Рано утром 19 августа сам командующий отправился в Даркемен для совещания с генералом Макензеном и затем отбыл со штабом в Норденбург.
В полдень 19 августа у командования создалось впечатление, что русские войска, наступавшие к северу от Роминтенского леса, достаточно приблизились, и был дан приказ перейти в наступление.
Согласно приказу, 8-я армия рано утром 20 августа вступила в бой. К концу дня вырисовалась такая картина: наше правое крыло, под начальством генерала Отто фон Белова, разбило противника; также и левое крыло генерала Франсуа победоносно подвигалось вперед. Зато центр, предводимый генералом Макензеном, сначала потеснив русские части, наткнулся потом на хорошо оборудованную русскую полевую позицию. Войска Макензена, не выждав надлежащей артиллерийской подготовки, ринулись в бой, но, потерпев тяжелые потери, не могли продвинуться вперед. В три часа пополудни штаб корпуса сообщил, что корпус разбит и что положение серьезно. 3-я резервная дивизия (ген. фон Морген) была двинута из Летцена командующим армией лишь в полдень 20 августа, так как обстановка южнее Роминтенского леса была еще не выяснена. Таким образом, с результатом вступления в дело этой дивизии можно было считаться не ранее утра 21 августа. Несмотря на неудачу корпуса Макензена, битва развивалась для 8-й армии благоприятно. Продолжая наступление, можно было надеяться достичь решительного успеха путем охвата обоих неприятельских флангов.

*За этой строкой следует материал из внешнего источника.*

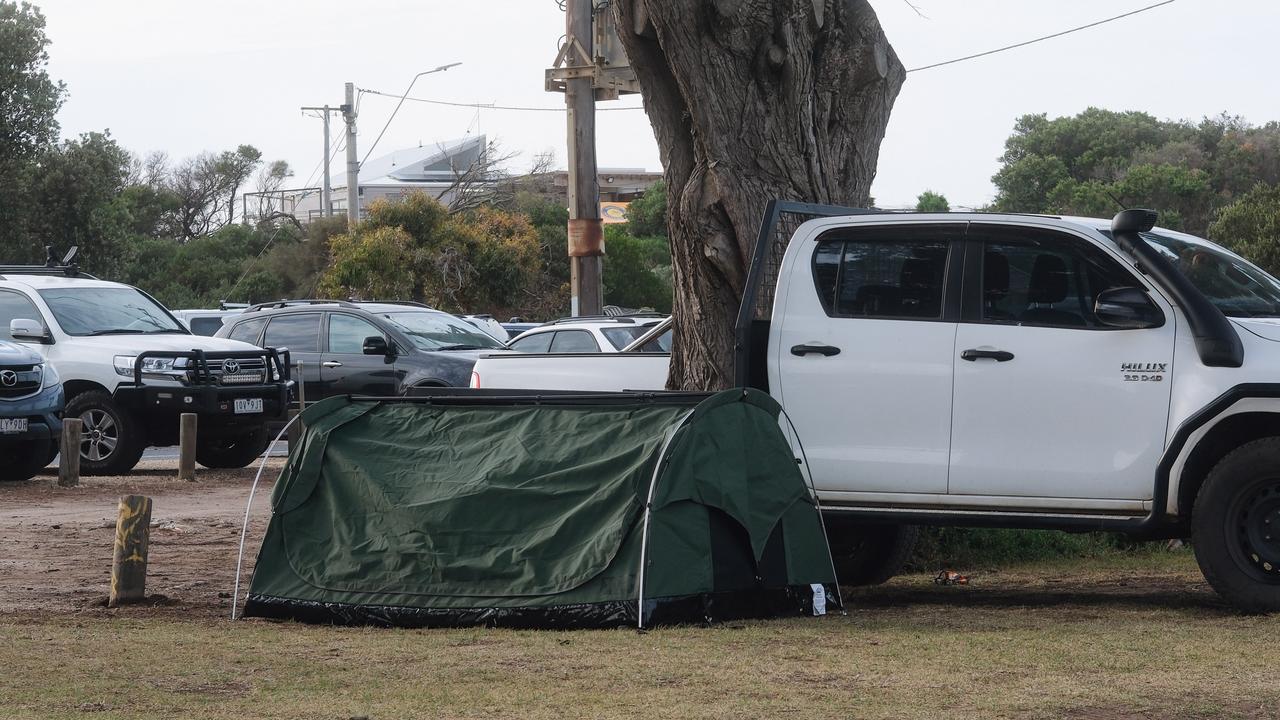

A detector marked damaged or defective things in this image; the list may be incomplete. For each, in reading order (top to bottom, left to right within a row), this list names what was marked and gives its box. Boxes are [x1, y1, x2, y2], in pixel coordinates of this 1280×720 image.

Около 7.30 часов вечера я стоял с генерал-майором Грюнертом на пороге нашего рабочего кабинета в Норденбурге. Мы только что обсудили с ним благоприятные виды на продолжение битвы на следующий день, как поступило донесение от генерала Шольца о том, что варшавская армия силой от четырех до пяти армейских корпусов перешла передовыми отрядами германскую границу на фронте Сольдау – Ортельсбург.
Обращаясь к генералу Грюнерту, я сказал: «Боюсь, что нервы командующего и начальника штаба не выдержат при таком известии. Я бы охотно скрыл его. Мы бы тогда завтра закончили битву и лишь потом обратились бы против варшавской армии». Генерал Грюнерт ответил: «Неужели вы решились бы скрыть от начальника штаба столь важное известие?»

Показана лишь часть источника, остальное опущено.